In view of the latest developments in the area and the devastating wars that we have been through, I would like to propose that it is time to try again to implement the Oslo Accords.
Originally signed in 1993 between the Palestine Liberation Organization and Israel under U.S. auspices. These agreements, although they failed to deliver a final peace, and despite the loads of contempt and blame they have sustained, remain, in my view, the only practical and viable framework for resolving the Palestinian-Israeli conflict. They established mutual recognition between Israel and the PLO, a phased transfer of authority to a Palestinian administration, and a step-by-step roadmap addressing key final-status issues such as Jerusalem, refugees, borders, and settlements.
Alternative proposals, such as a single-state solution or managing instead of resolving the conflict, lack political feasibility, widespread support, and risk triggering further violence. Historical experience shows that one-state proposals often lead to internal strife, while conflict management only perpetuates cycles of violence, as witnessed over the past three decades, including the October 7, 2023 escalation.
The Oslo process faltered due to multiple factors: assassination of Israeli Prime Minister Yitzhak Rabin, the rise of right-wing Israeli governments opposed to a Palestinian state and expanding settlements, Hamas-led terror attacks, the onset of the Second Intifada, and the internal Palestinian split between the West Bank and Gaza since 2007.
Moreover, the international community failed to effectively support the agreements, undermining the political process.
However, recent regional developments, such as the weakening of the “resistance axis,” including Iran, open a window to forge a new regional alliance of moderate Arab states and Israel, as initiated by the Abraham Accords.

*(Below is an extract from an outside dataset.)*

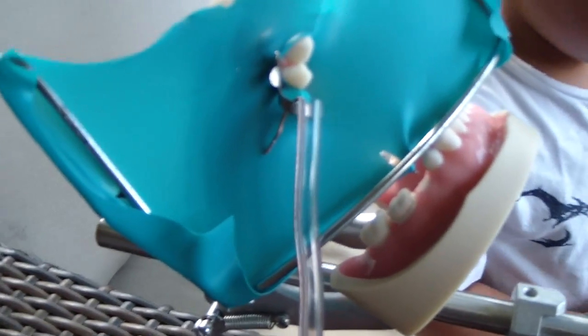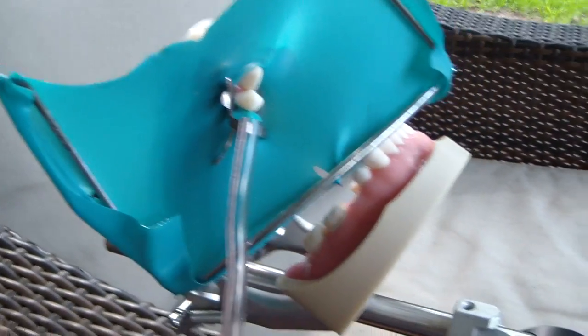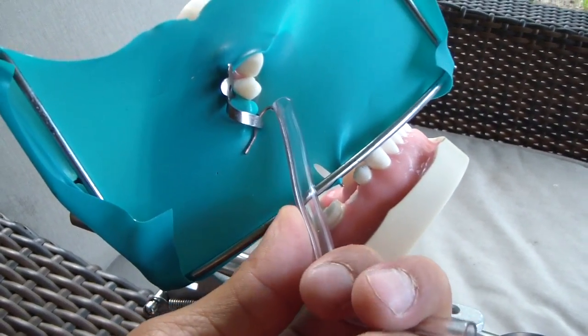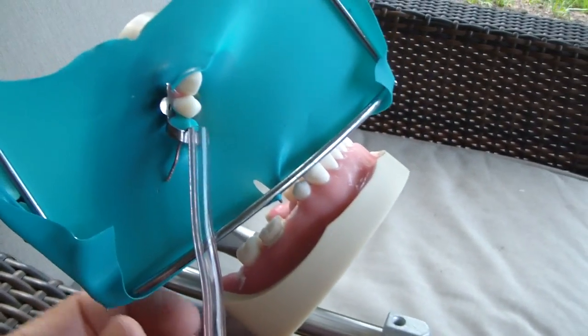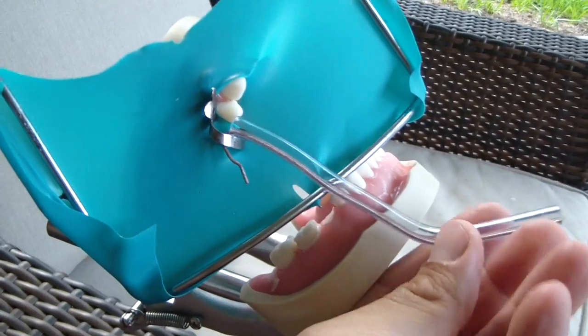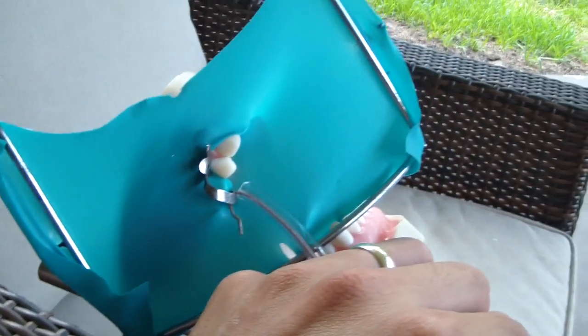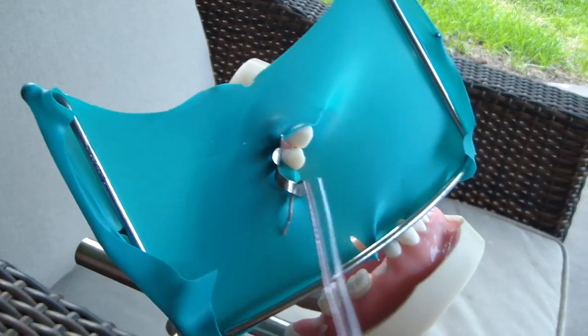So what you can do now, if you don't have a dental assistant and you still need some suction, you can use this and form it the way you want it. Hopefully that helps — I've used that a number of times. You can get the patient to hold it across their chest if need be. So there's your dental assistant in your pocket. Cheers.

Within this framework, there is potential to reactivate the Oslo Accords with updates that reflect current realities.
Achieving this requires bold, mutual steps: Israel must freeze settlement expansion and explicitly endorse a two-state solution, overcoming right-wing political resistance; Palestinians must reject extremist movements, eliminate terrorism, and reform institutions for genuine representation in negotiations. The international community, led by the U.S. and Europe, must also play a more proactive role in steering both sides back to negotiations based on the Oslo framework and bring in moderate Arab states to support a viable regional environment.
In conclusion, despite their shortcomings, the Oslo Accords remain, in my view, the only balanced and implementable solution for the Israeli-Palestinian conflict, provided political will is renewed by both parties and the international community.